Crawled caption data:
::::::::

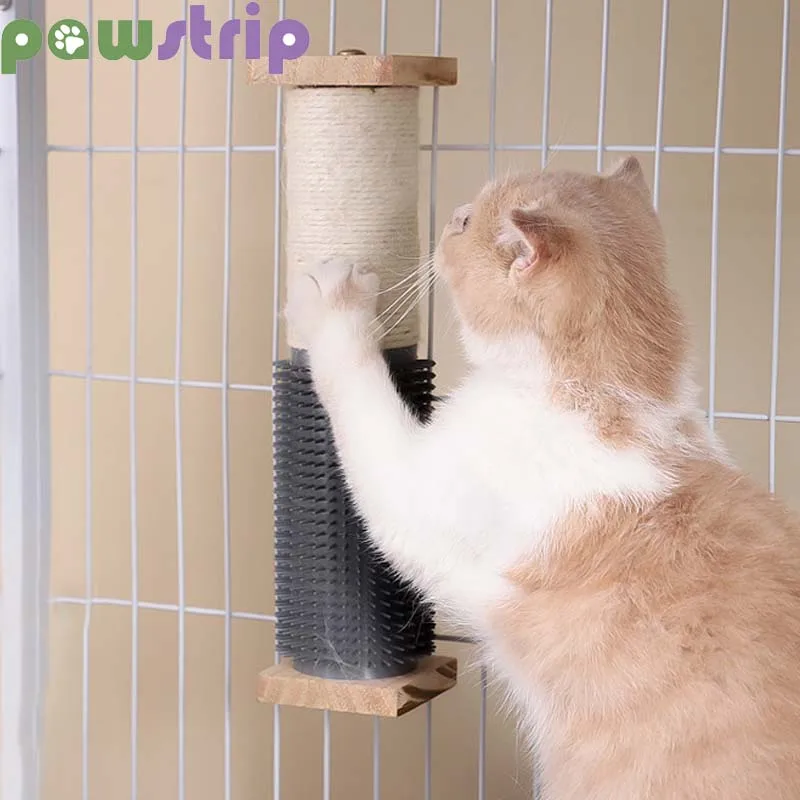 Cat Scratching Post Wood Wall Mounted Cat Scratcher Durable Kitten Playing Grinding Claws Toy Sofa Protector Pet Supplies
Cat Scratching Post Wood Wall Mounted Cat Scratcher Durable Kitten Playing Grinding Claws Toy Sofa Protector Pet Supplies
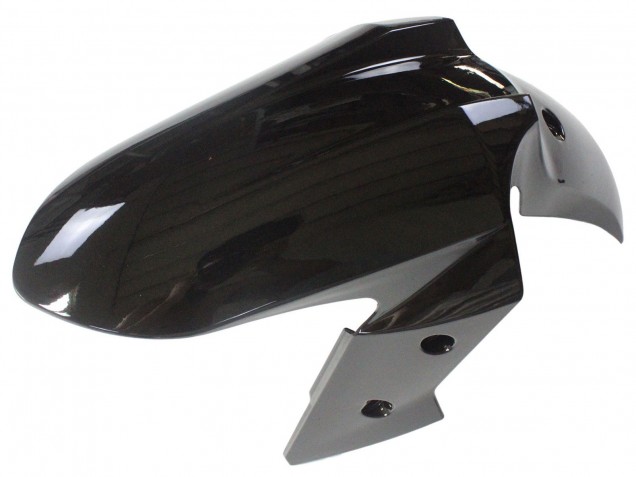 Carénages Moto Kawasaki EX300 2013-2017 - Noir Brillant Noir Mat Vert
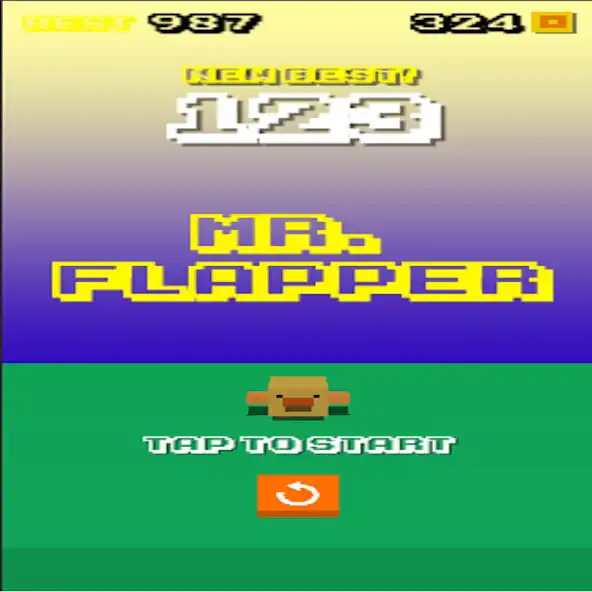 Play Mr. Flapper - offline, arcade  and enjoy Mr. Flapper - offline, arcade with UptoPlay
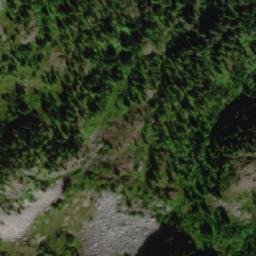 Satellite imagery of Gemini Mountain, CA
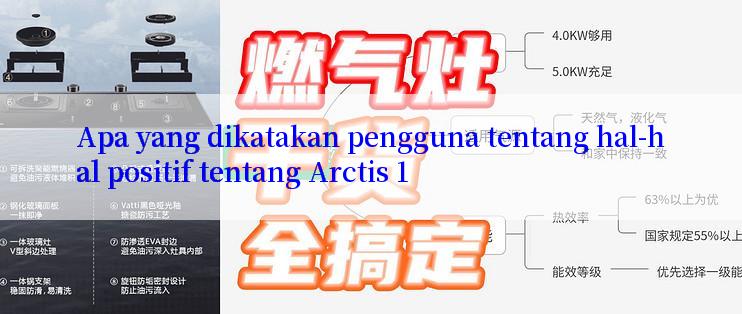 Apa yang dikatakan pengguna tentang hal-hal positif tentang Arctis 1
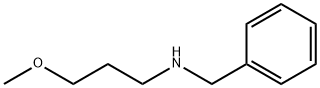 N-苄基-3-甲氧基丙-1-胺 结构式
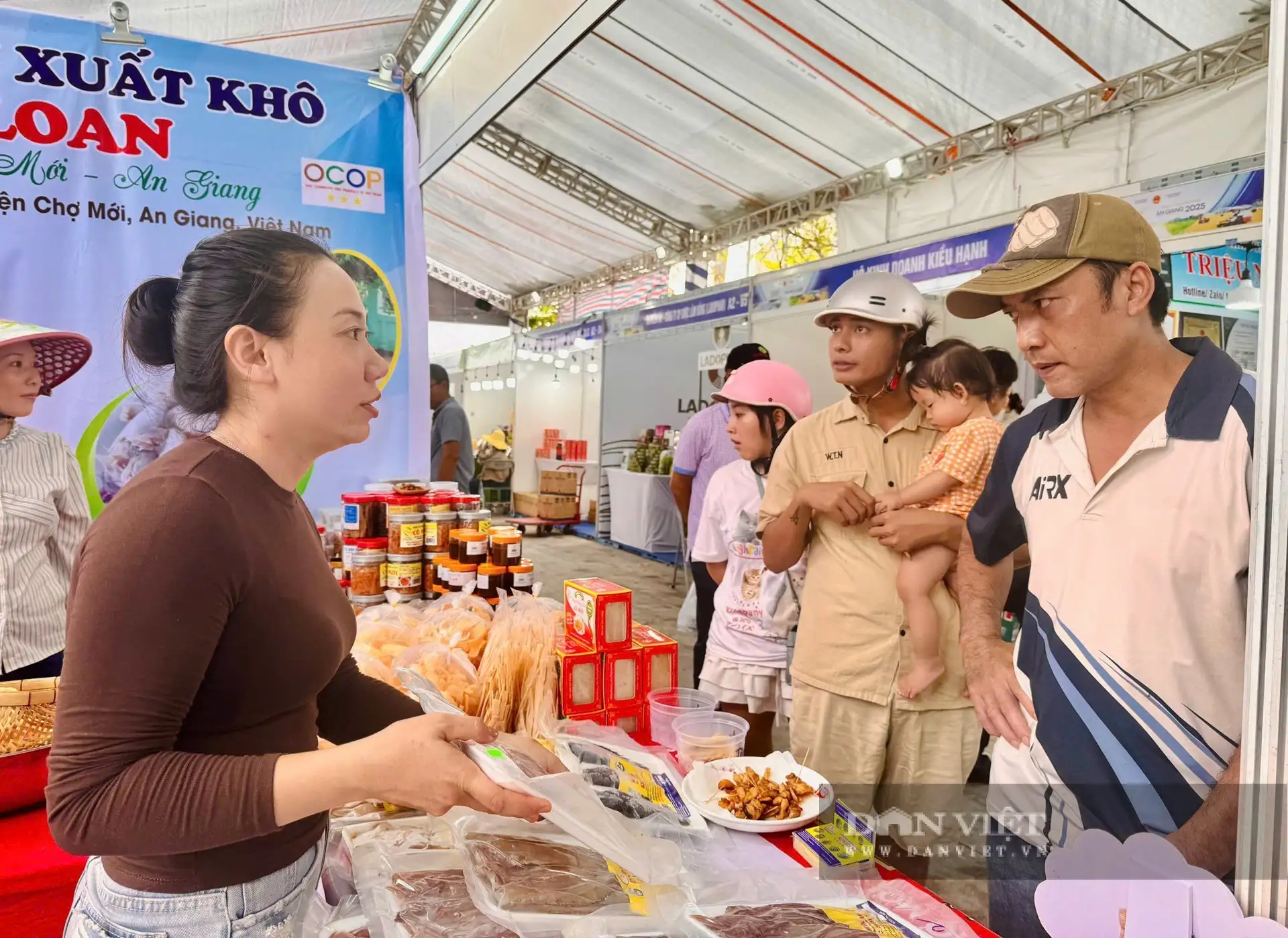 An Giang: Hội thảo chia sẻ kinh nghiệm, tìm ra giải pháp kết nối giao thương cho sản phẩm sao OCOP vùng ĐBSCL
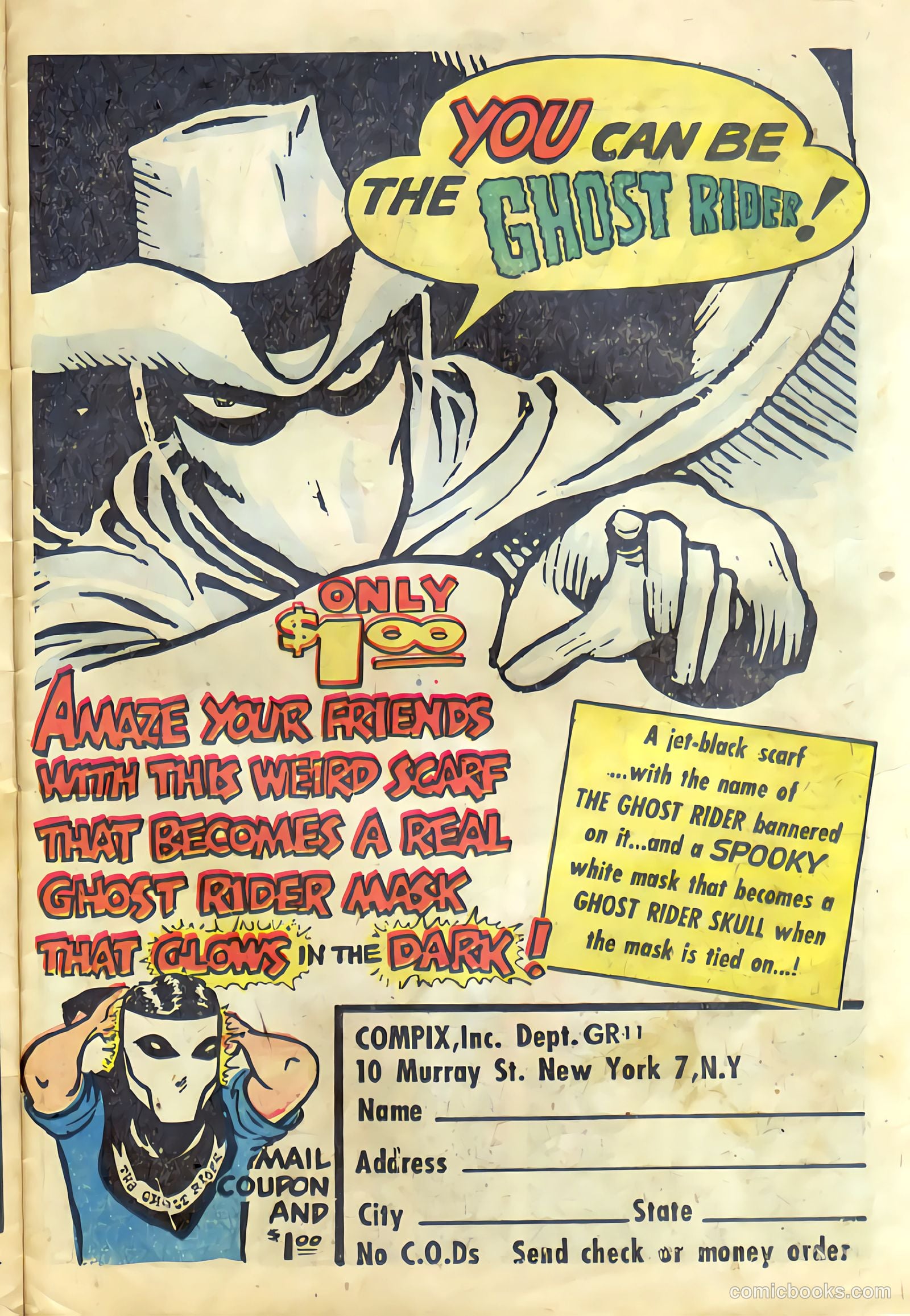 The Ghost Rider #11 (1953) — page 27 of 36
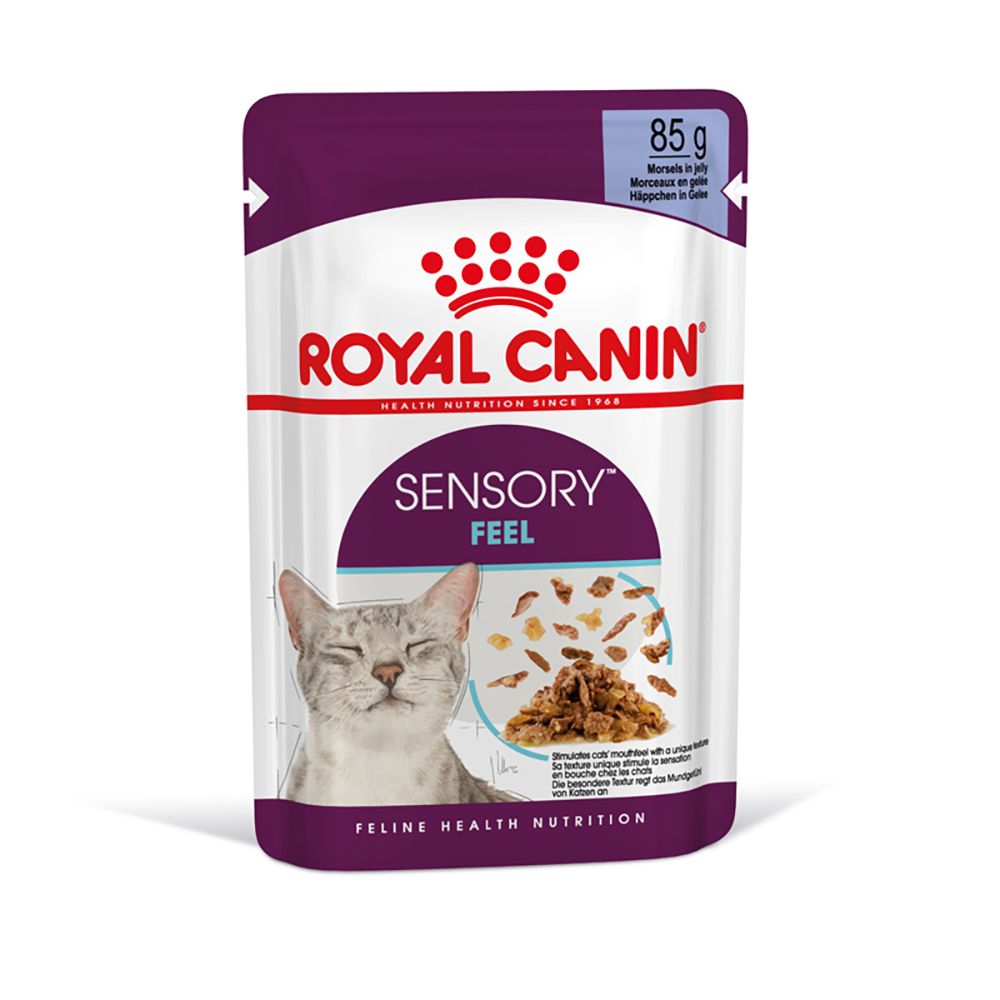 Royal Canin Sensory Feel in Jelly 12 x 85g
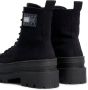 TOMMY JEANS Hoge veterschoenen TJW FOXING CANVAS BOOT met praktische aantreklus - Thumbnail 7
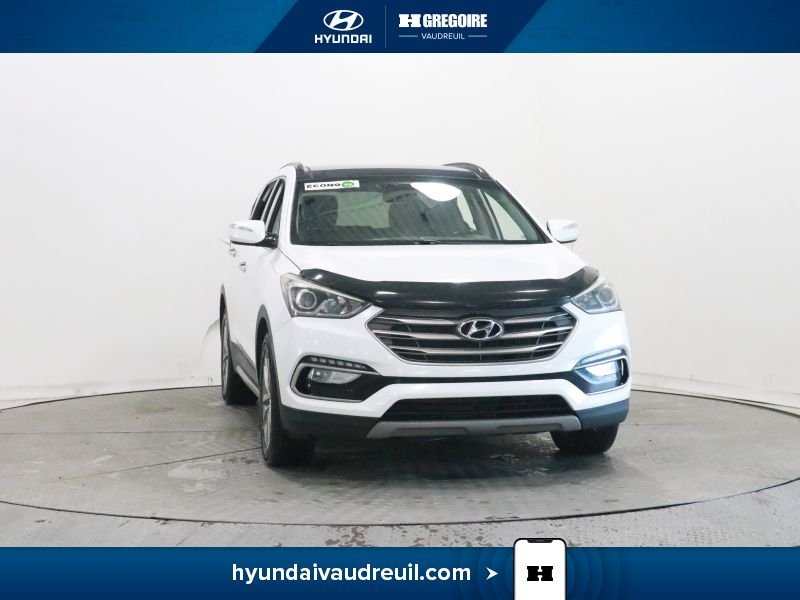2017 Hyundai Santa Fe White Saint-Eustache - photo #0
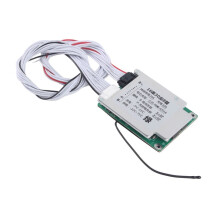 Balanseringsversion BMS 16S 30A 60V 52V Batteriladdningskort Utjämnare NTC Temperaturskydd för Escooter 30A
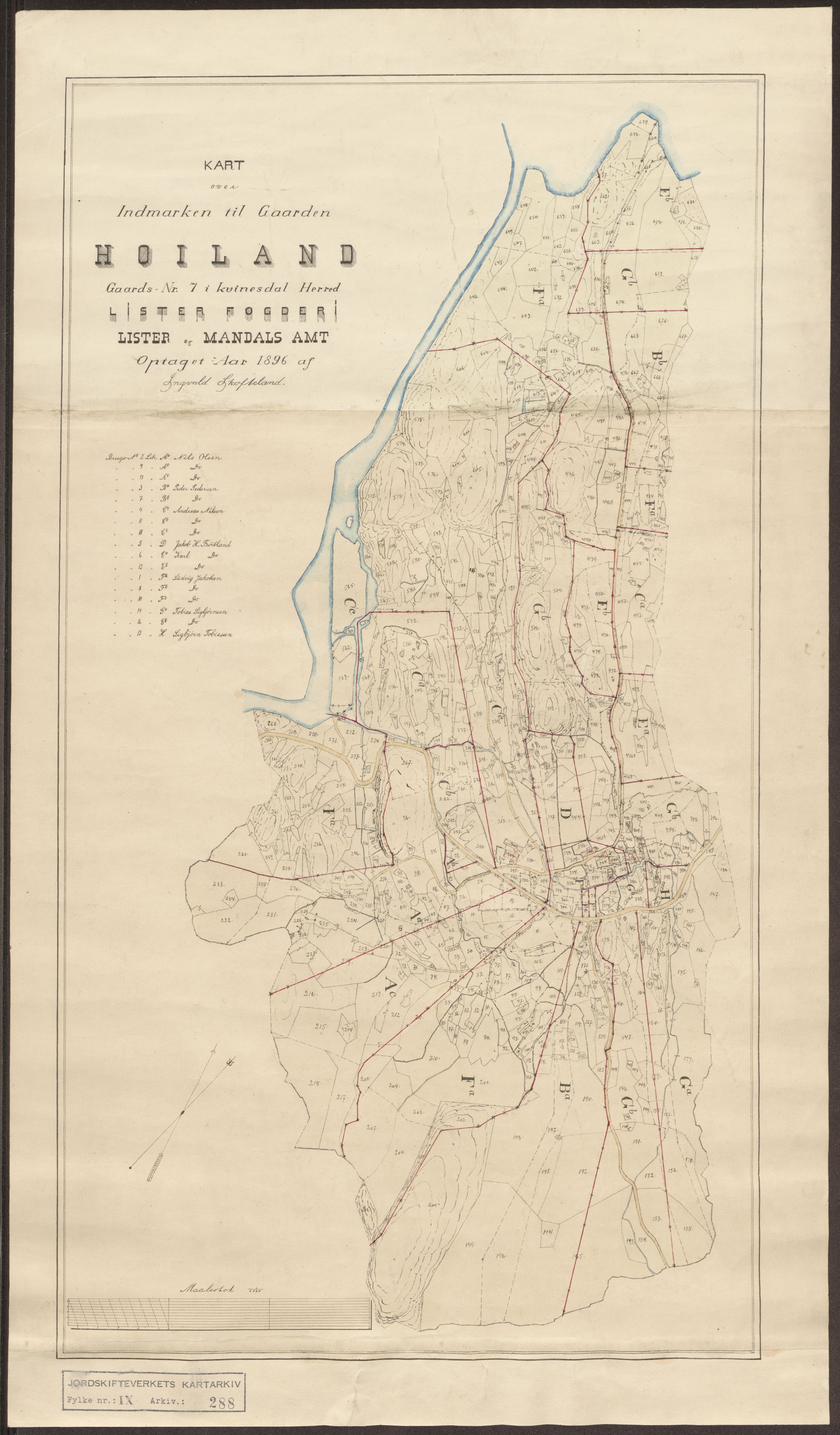 Jordskifteverkets kartarkiv, AV/RA-S-3929/T, 1859-1988, s. 335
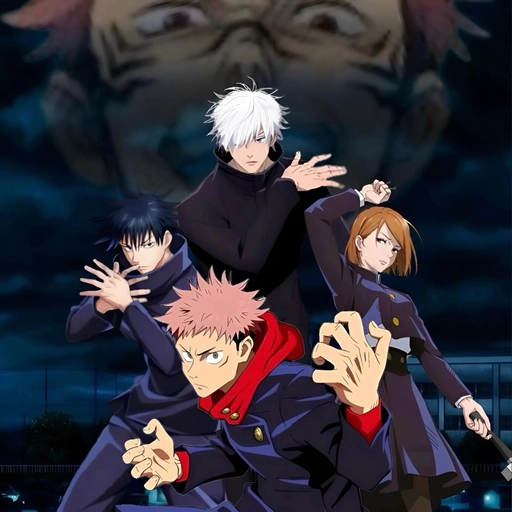 aesthetic jjk pfp style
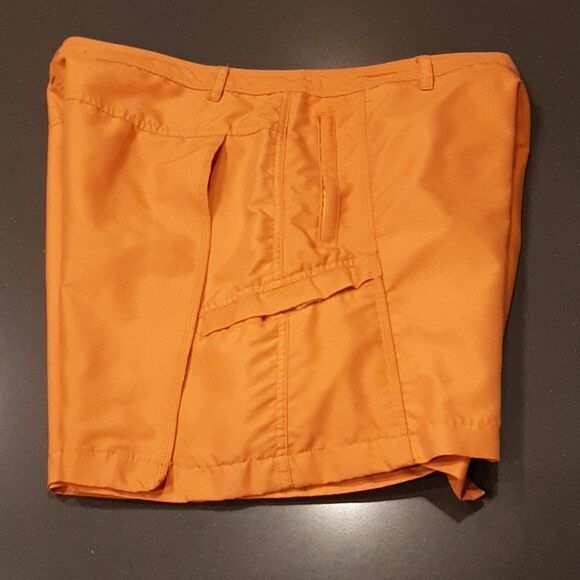 Sportie Orange Skorts - Picture 4 of 9
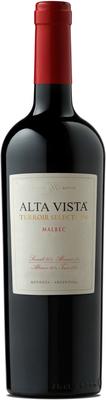 Вино красное сухое «Alta Vista Malbec Terroir Selection» 2012 г.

::::::::

What to work on -> I would like you to set down the lines above, from the one containing "TOMMY JEANS Hoge" to the final line, exactly as written and without pictures.

Exercise response ->
 TOMMY JEANS Hoge veterschoenen TJW FOXING CANVAS BOOT met praktische aantreklus - Thumbnail 7
2017 Hyundai Santa Fe White Saint-Eustache - photo #0
 Balanseringsversion BMS 16S 30A 60V 52V Batteriladdningskort Utjämnare NTC Temperaturskydd för Escooter 30A
 Jordskifteverkets kartarkiv, AV/RA-S-3929/T, 1859-1988, s. 335
 aesthetic jjk pfp style
 Sportie Orange Skorts - Picture 4 of 9
 Вино красное сухое «Alta Vista Malbec Terroir Selection» 2012 г.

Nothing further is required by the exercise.